Também o Sindicato dos Trabalhadores do Município de Lisboa tem vindo a denunciar os problemas nascidos desta reforma administrativa, incluindo a “pulverização” do trabalho precário e a carência de pessoal com que a maioria das juntas continua a debater-se. Vítor Reis, presidente do sindicato, considera que salvo algumas excepções não se pode falar numa melhoria do serviço prestado às populações e diz que nalgumas áreas, como a higiene urbana, continua a haver “um certo jogo do empurra” entre câmara e juntas.

André Caldas, de Alvalade, reconhece que “vai sempre haver desinteligências interadministrativas” entre os diferentes órgãos autárquicos e “zonas de fronteira”, mas defende que tudo isso pode ser ultrapassado com “diálogo” entre as partes. “Mantenho-me um entusiasta desta reforma e estou sinceramente convencido de que quando todos os aspectos estiverem devidamente alinhados vai demonstrar-se todo o seu potencial”, conclui o autarca socialista, que chama às dificuldades deste primeiro ano “dores de crescimento”.

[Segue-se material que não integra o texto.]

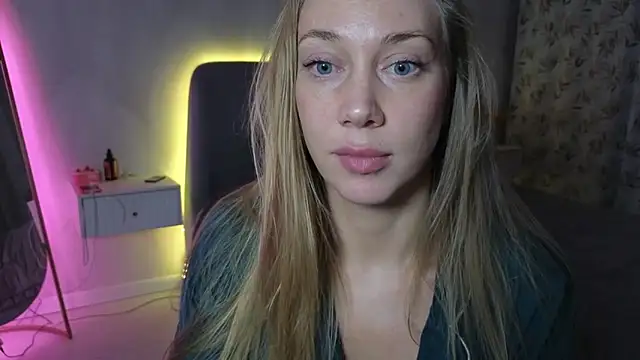 Snapshot of Engel_13 chatting on 24, 10, 2025 Engel 13 online show from 24, 10, 2025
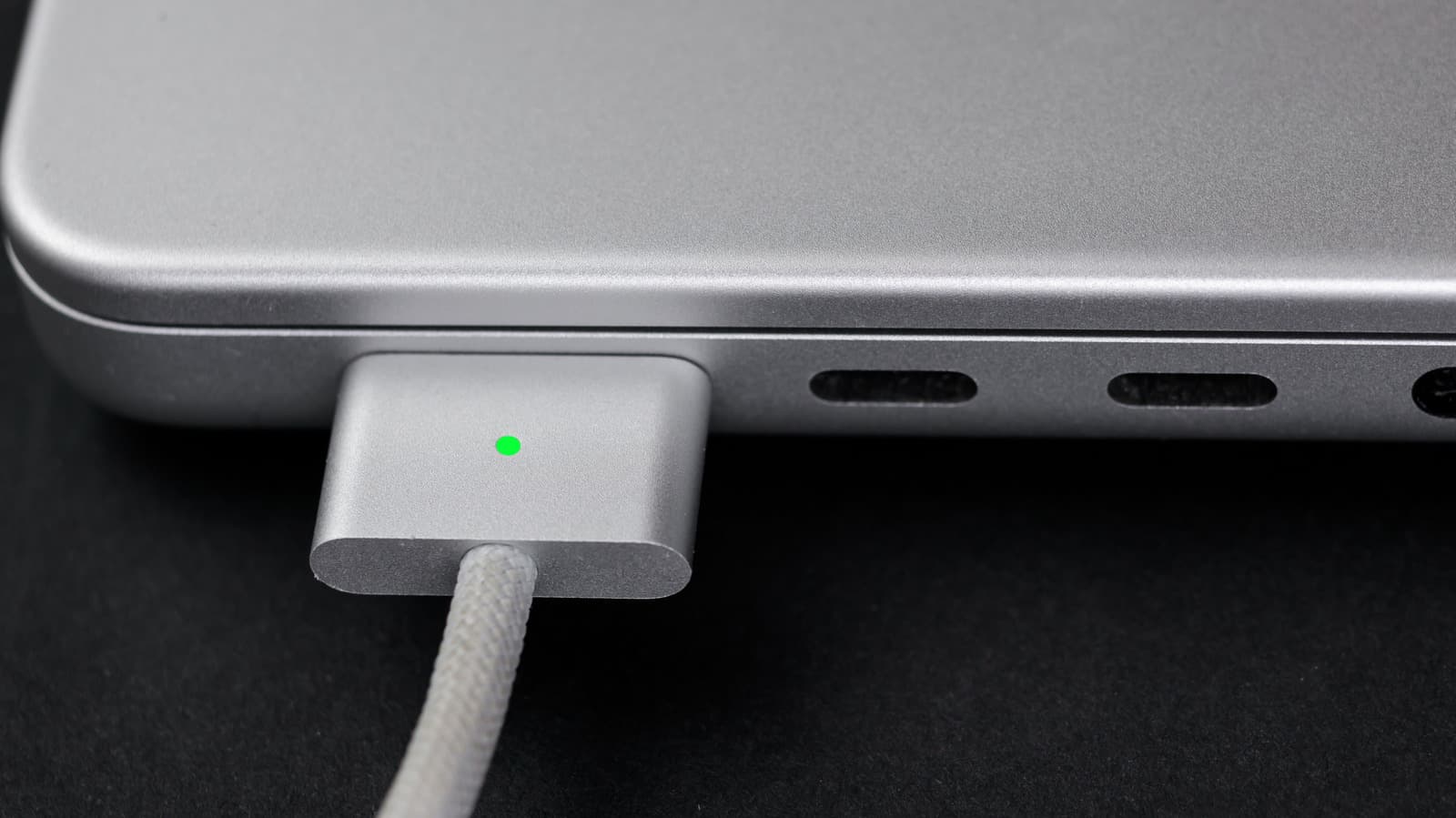 MagSafe vs. USB-C: Which is better for charging your MacBook?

Também Luís Newton, da Estrela, diz que este processo “corre dentro do que era expectável para uma reforma desta dimensão” e sublinha que há, “de parte a parte, vontade e disponibilidade para continuar a melhorar”. O que não quer dizer, sublinha, que não haja aspectos que precisam de ser “afinados”.    

“Esta reforma foi um passo positivo para a cidade, para dada uma das suas 24 freguesias”, avalia por sua vez José Moreno, do Parque das Nações. Ainda assim, o autarca não esconde que no seu território há ainda problemas por resolver, por exemplo ao nível das instalações da junta e da insuficiência de pessoal em áreas como a do licenciamento.

Pela câmara, Duarte Cordeiro faz uma apreciação “muito positiva” deste processo, lembrando que “uma reforma desta magnitude tem o seu tempo”, tanto para as juntas como para a própria câmara, que tem que “adaptar-se à sua nova realidade”. Desde a assinatura em Março de 2014 dos autos de transferência, sintetiza o autarca, transitaram do município para as juntas 1270 trabalhadores, mais de 700 equipamentos e 350 hectares de espaços verdes.